L’entreprise victime de la rupture brutale d’une relation commerciale établie (à savoir une relation commerciale stable, significative et durable) peut ainsi solliciter des dommages et intérets si son partenaire a rompu brutalement cette relation.
Toutefois, le caractère brutale de cette rupture peut être légimité lorsqu’elle est justifiée par des circonstances économiques.
C’est en ce sens que s’est prononcée la Chambre commerciale de la Cour de cassation dans un arrêt du 8 novembre 2017 (R.G. n° 16-15.285).
Sur les faits soumis à la Cour de cassation
Une société spécialisée dans le commerce des chemises, avait confié à compter de l’année 2000 à une autre société, la maîtrise d’oeuvre de chemises fabriquées au Bangladesh, moyennant le règlement de commissions calculées en fonction du volume des commandes.

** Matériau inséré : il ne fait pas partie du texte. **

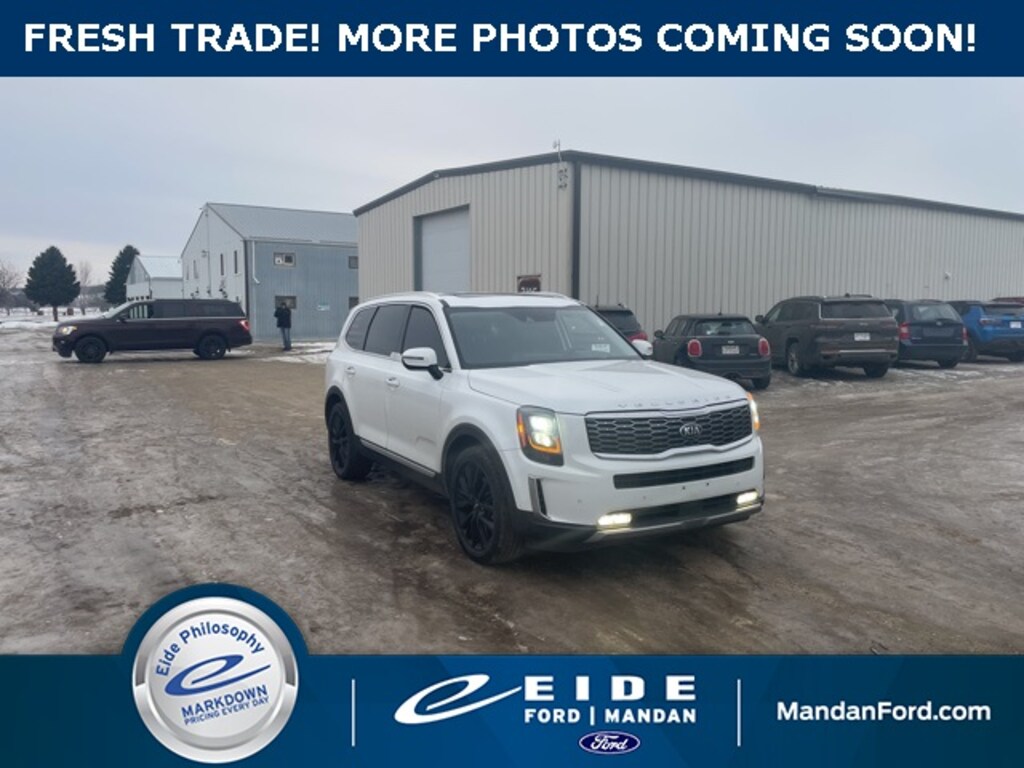 Used 2020 Kia Telluride SX SUV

Reprochant à la première d’avoir diminué le volume de ses commandes à partir de l’année 2008, le maître d’oeuvre l’a assignée en paiement de dommages-intérêts notamment pour rupture brutale d’une relation commerciale établie.
En effet, conformément au texte précité, la rupture ouvrant droit à indemnisation peut n’avoir été que partielle, et peut n’avoir ainsi consisté qu’en une diminution de commandes.
Sur la solution donnée au litige
Le maître d’oeuvre, a néanmoins été débouté de sa demande par la Cour d’appel, de sorte qu’elle s’est ensuite pourvu en cassation.
La Cour de cassation a rejeté ce pourvoi en retenant que le partenaire commercial auteur de la rutpure « a souffert d’une baisse de chiffre d’affaires d’un peu plus de 15 % du fait de la situation conjoncturelle affectant le marché du textile, baisse qu’elle n’a pu que répercuter sur ses commandes dans la mesure où un donneur d’ordre ne peut être contraint de maintenir un niveau d’activité auprès de son sous-traitant lorsque le marché lui même diminue« .
Elle relève également que l’auteur de la rupture « a proposé une aide financière (au maître d’oeuvre) pour faire face à la baisse de ses commissions, démontrant sa volonté de poursuivre leur relation commerciale ».
La Cour de cassation relève enfin que le maître d’oeuvre « avait annoncé le 5 janvier 2010 qu'(il) augmentait le coût unitaire des chemises au motif que la baisse des commandes entraînait une augmentation de ses coûts de production« .
Elle Cour de cassation prend ainsi la peine de relever différentes circonstances (qui semblent attester de la bonne foi de l’auteur de la rupture) pour légitimer le rejet de la demande d’indemnisation.